Dataset items:
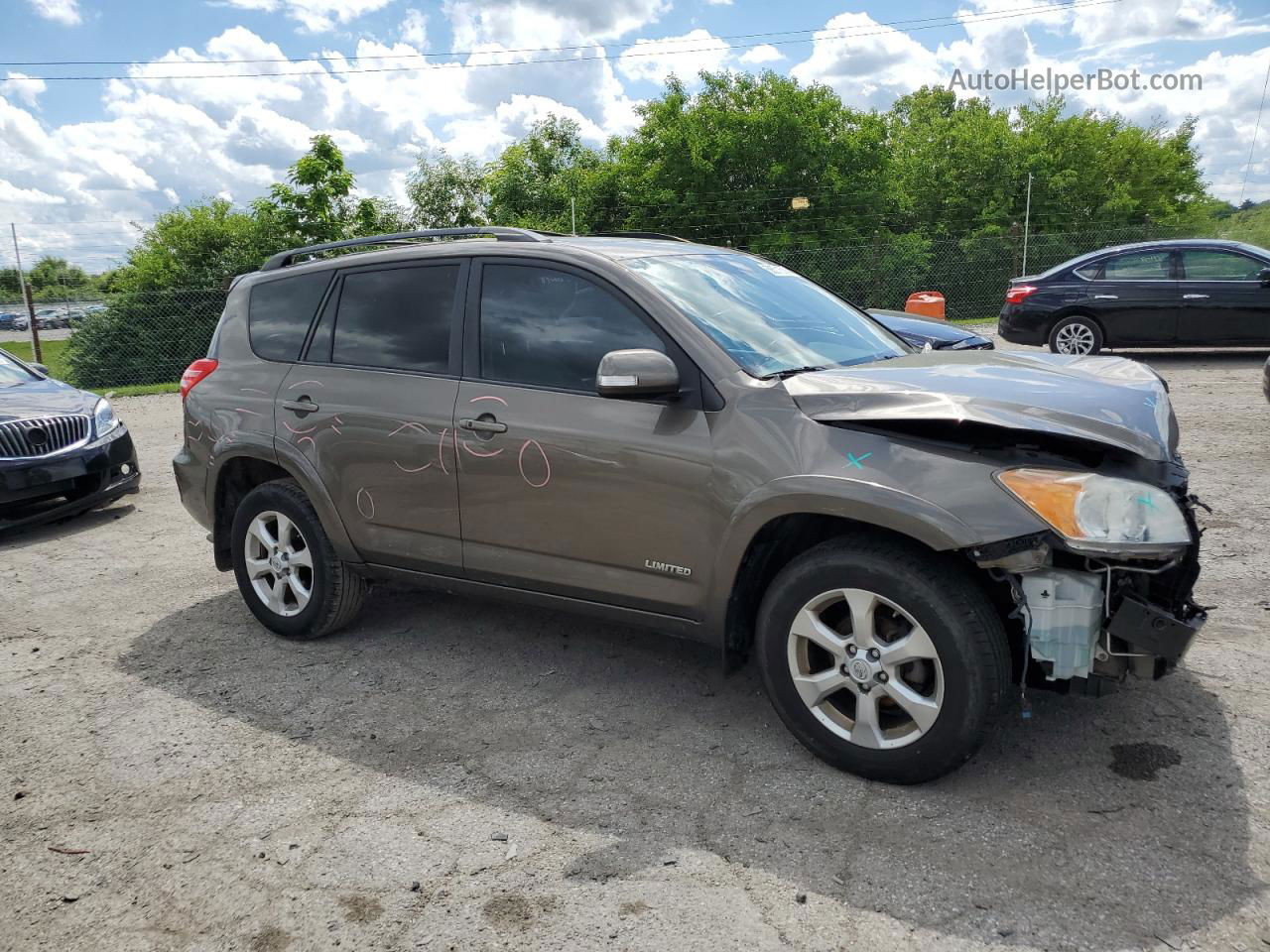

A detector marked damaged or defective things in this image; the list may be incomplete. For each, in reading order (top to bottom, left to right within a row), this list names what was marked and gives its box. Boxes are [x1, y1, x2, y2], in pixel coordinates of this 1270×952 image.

exposed headlight assembly [91, 396, 118, 441]
dented hood [787, 355, 1173, 467]
crushed front bumper [0, 428, 140, 540]
broken headlight [1000, 467, 1189, 555]
exposed headlight assembly [1000, 472, 1189, 558]
damaged front end [975, 484, 1204, 695]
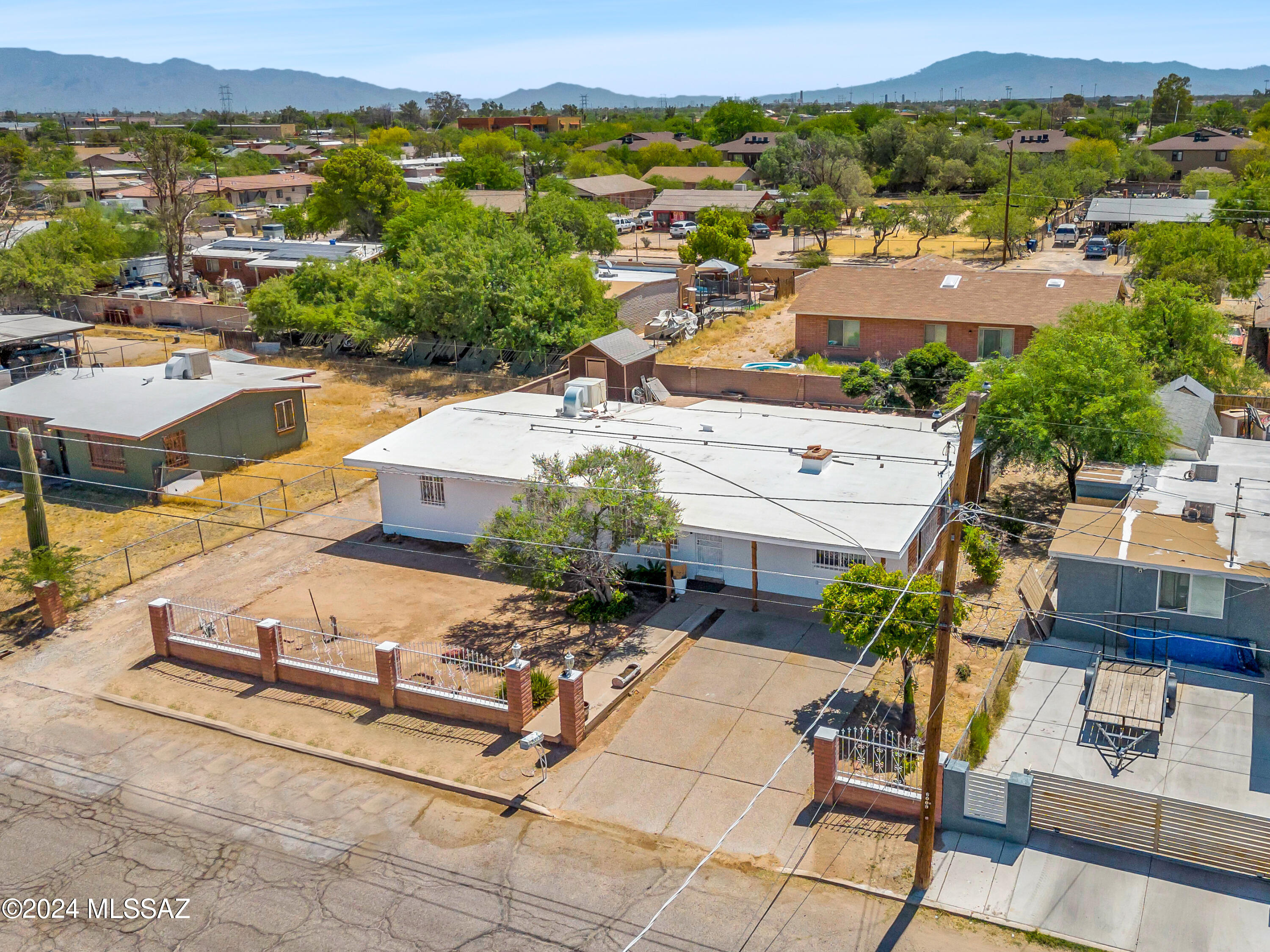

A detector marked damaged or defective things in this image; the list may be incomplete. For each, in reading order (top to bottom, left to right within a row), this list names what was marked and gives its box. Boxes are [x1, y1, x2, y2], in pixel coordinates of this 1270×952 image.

§ **REQUIRED ACTION**
Every entry above needs to be duplicated precisely, and none of the pictures should appear.

§ **PROBLEM SOLUTION**
A detector marked damaged or defective things in this image; the list may be incomplete. For each, in reading order (top to bottom, left to right within a row), this list names what was marked and gives its box. Boxes are [x1, y1, x2, y2], in pixel coordinates of this 1270×952 image.

exposed headlight assembly [91, 396, 118, 441]
dented hood [787, 355, 1173, 467]
crushed front bumper [0, 428, 140, 540]
broken headlight [1000, 467, 1189, 555]
exposed headlight assembly [1000, 472, 1189, 558]
damaged front end [975, 484, 1204, 695]

A detector marked damaged or defective things in this image; the list may be incomplete. For each, in reading order (top to bottom, left to right within a row), this list names what was marked and gives its box. Boxes are [x1, y1, x2, y2], in pixel coordinates of this 1270×952 image.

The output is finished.